[Opening TASK INPUT section]
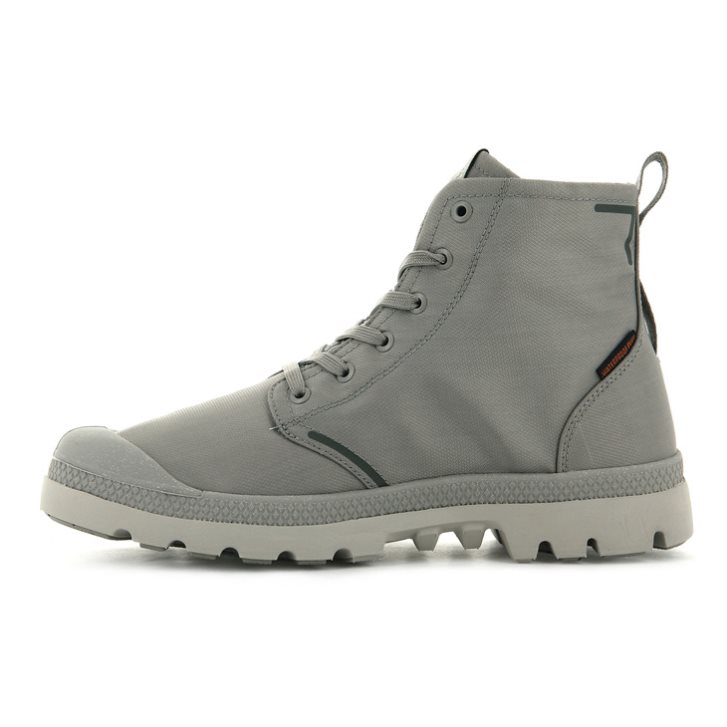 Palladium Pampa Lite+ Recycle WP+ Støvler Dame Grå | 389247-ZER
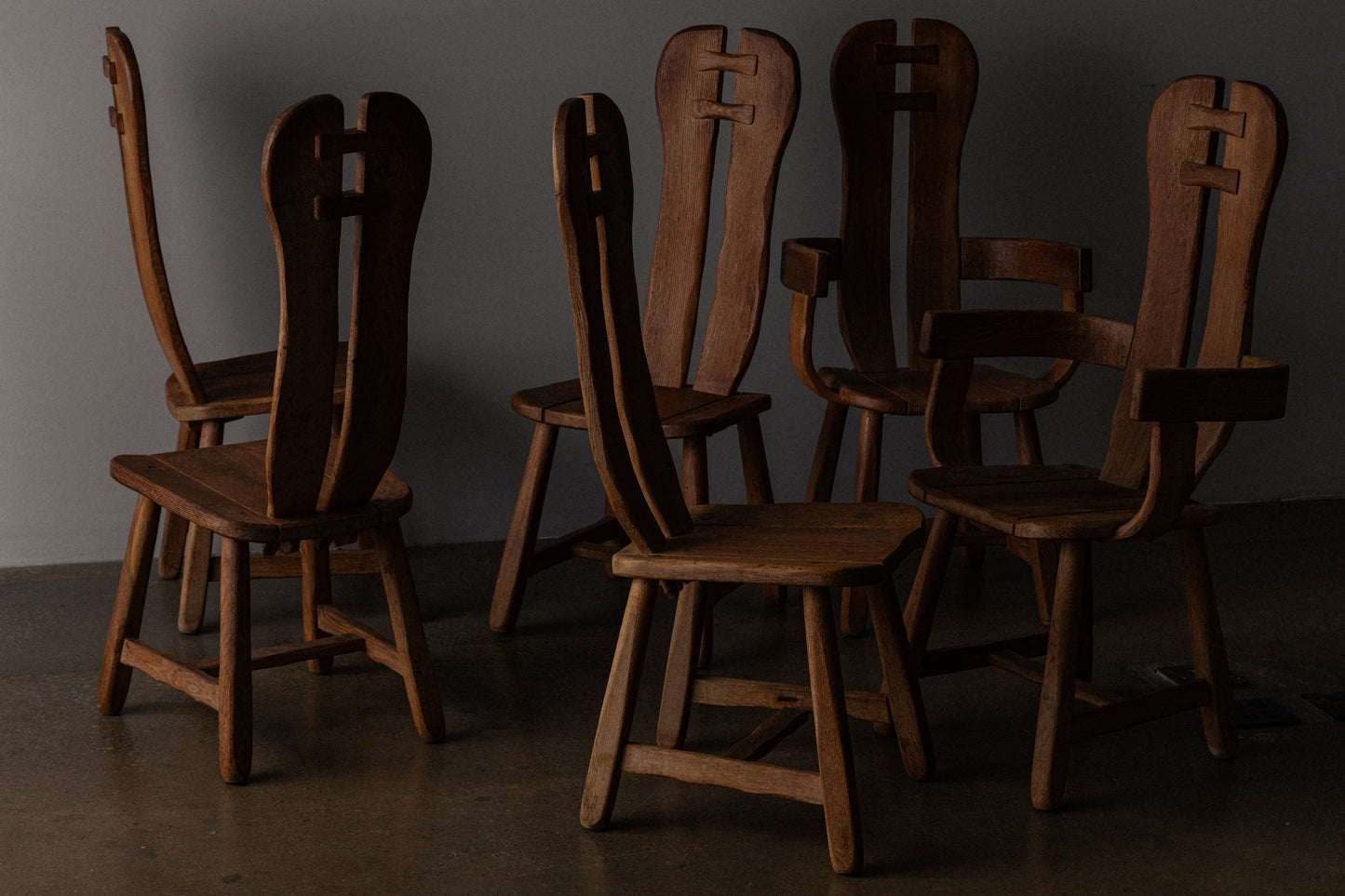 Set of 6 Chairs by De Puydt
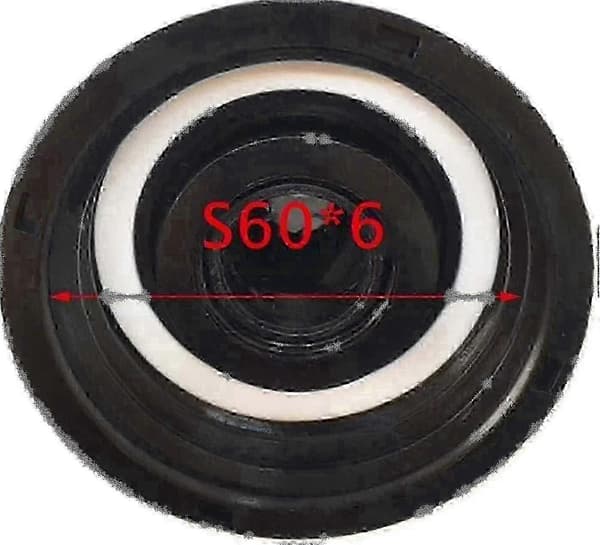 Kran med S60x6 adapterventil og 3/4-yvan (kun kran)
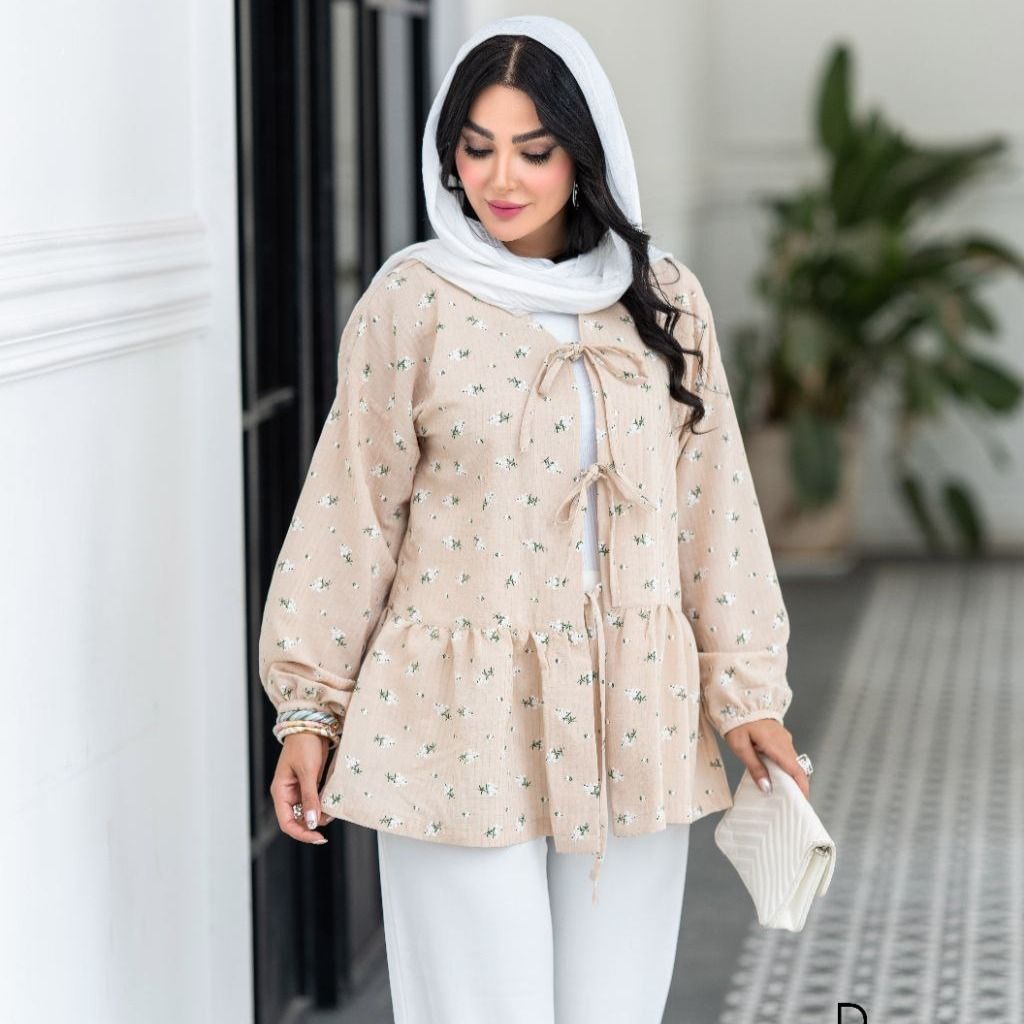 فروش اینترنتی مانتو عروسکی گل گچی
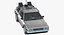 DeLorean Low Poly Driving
[Closing TASK INPUT section]
▶ **WHAT YOU HAVE TO DO**:
Transcribe the whole listing, character for character, but not its images.

▶ **TASK RESULT**:
 Palladium Pampa Lite+ Recycle WP+ Støvler Dame Grå | 389247-ZER
 Set of 6 Chairs by De Puydt
 Kran med S60x6 adapterventil og 3/4-yvan (kun kran)
 فروش اینترنتی مانتو عروسکی گل گچی
 DeLorean Low Poly Driving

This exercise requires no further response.